Organizing and leading a terrorist group is not as simple as it sounds, it´s a complicated and flawed business that does not function like a Toyota factory, therefore, it is not impossible to catch. Wright, at the end, conjures that was it not for a tremendous fail of communication between the different American intelligence agencies, the attack could have been avoided. But what is done is done, and although we ought to look forward, The Looming Tower is the best written, most informative and interesting book to understand the events that led to 9/11.
The second book is 500 Days: Secrets and Lies in the Terror Wars by Kurt Eichenwald.

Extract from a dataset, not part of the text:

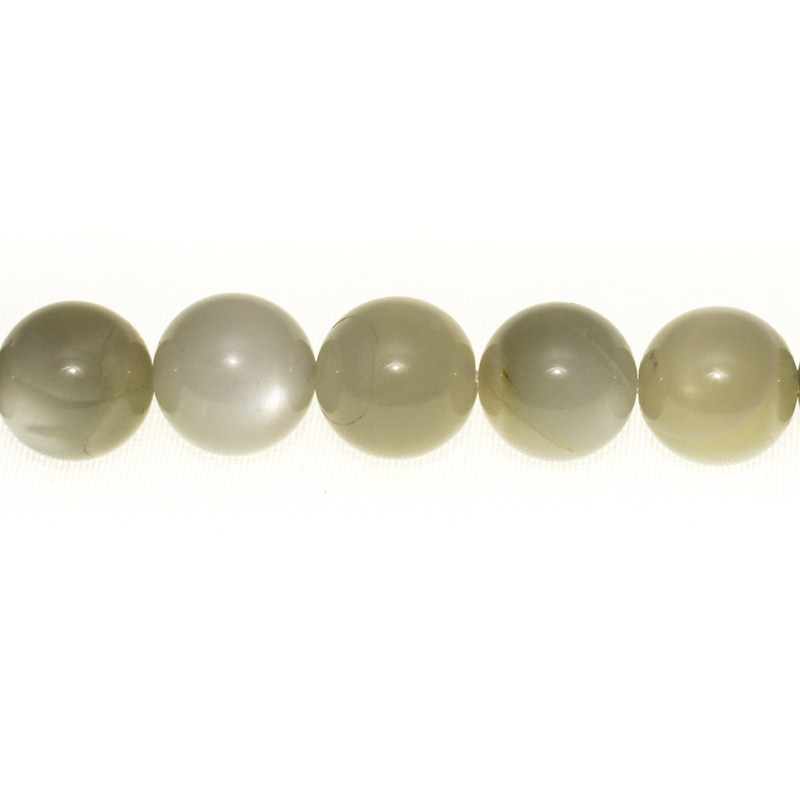 BEAD, SILVER MOONSTONE, 14MM, ROUND, GRADE A. SOLD PER STRAND OF 16 INCH.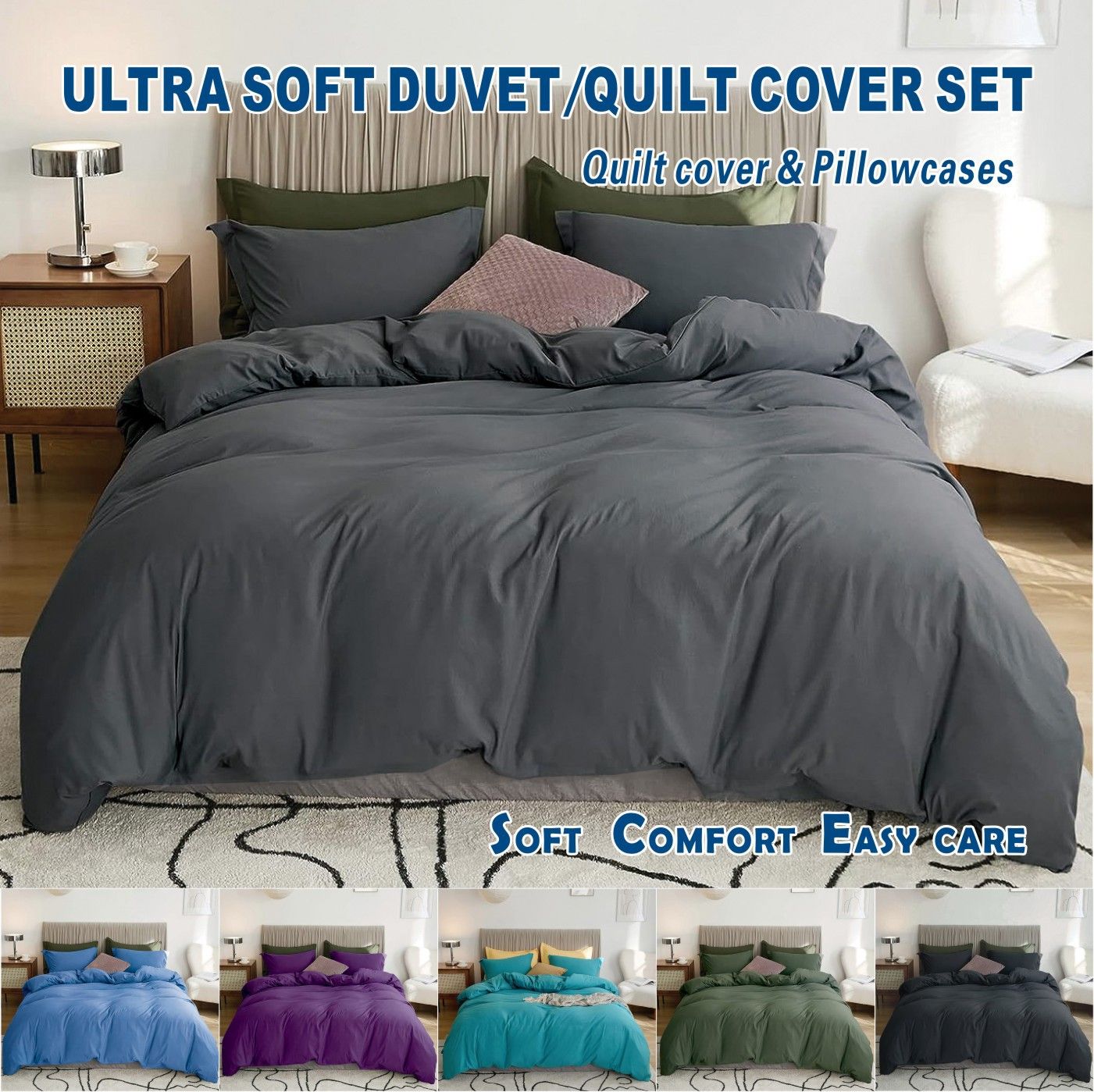 3 Piece Hotel Soft Microfiber Quilt Cover Set-2000TC Duvet/Donna Cover Set & Pillowcases -1 Quilt Cover Zipper Closure & 1 x Pillowcases-Breathable Bedding - Wrinkle, Fade, Stain Resistant(Dark gray,King)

Eichenwald is also a reporter, famous for his book The Informant, which was later turned into a great spy movie. 500 Days starts exactly 19 minutes after the first plane hits One Trade Center in New York, and it finishes 500 days after that moment, when “Osama Bin Laden, the infamous mass murderer of the twenty-first century, sank silently to the bottom of the sea”. 500 Days, however, is not about the war being fought out there, by the soldiers in Afghanistan and Iraq, or the SEAL Team 6 that catches bad guys in the dark of the night (watch Zero Dark Thirty for that), the book is rather about the war being fought in Washington DC, inside the White House, the Congress and the House. When the CIA found out who their enemy was, George W. Bush figured out this was the first time America was at war against a faceless enemy, there was no army or nation to fight, but crazy rebels scattered around the globe. Therefore, the White House started to take decisions that had never been thought about of before. They were figuring the way to fight terrorists in a full scale war for the very first time.
For instance, laws to engage countries that gave shelter to terrorists had to be approved by the respective channels of democracy, and a new way of convicting and imprisoning terrorists and suspects had to be created (hence Guantanamo Bay and Abu Ghraib). In addition to that pioneering spirit, if I may call it that, Bush was adamant that America had to act strongly, decisively and quickly (which I agree). Congress, lawyers and generals were running after Bush and Cheney´s decision. It was a mess, but it had to be done, and Eichenwald goes through that extremely rough and challenging phase of America with great expertise and detail, from the inside, step by step.
Wright´s book tells you how it came to be. Eichenwald´s book tells you what happened after the fact. But I am yet to find a great book about those few horrifying minutes in the morning of 9/11.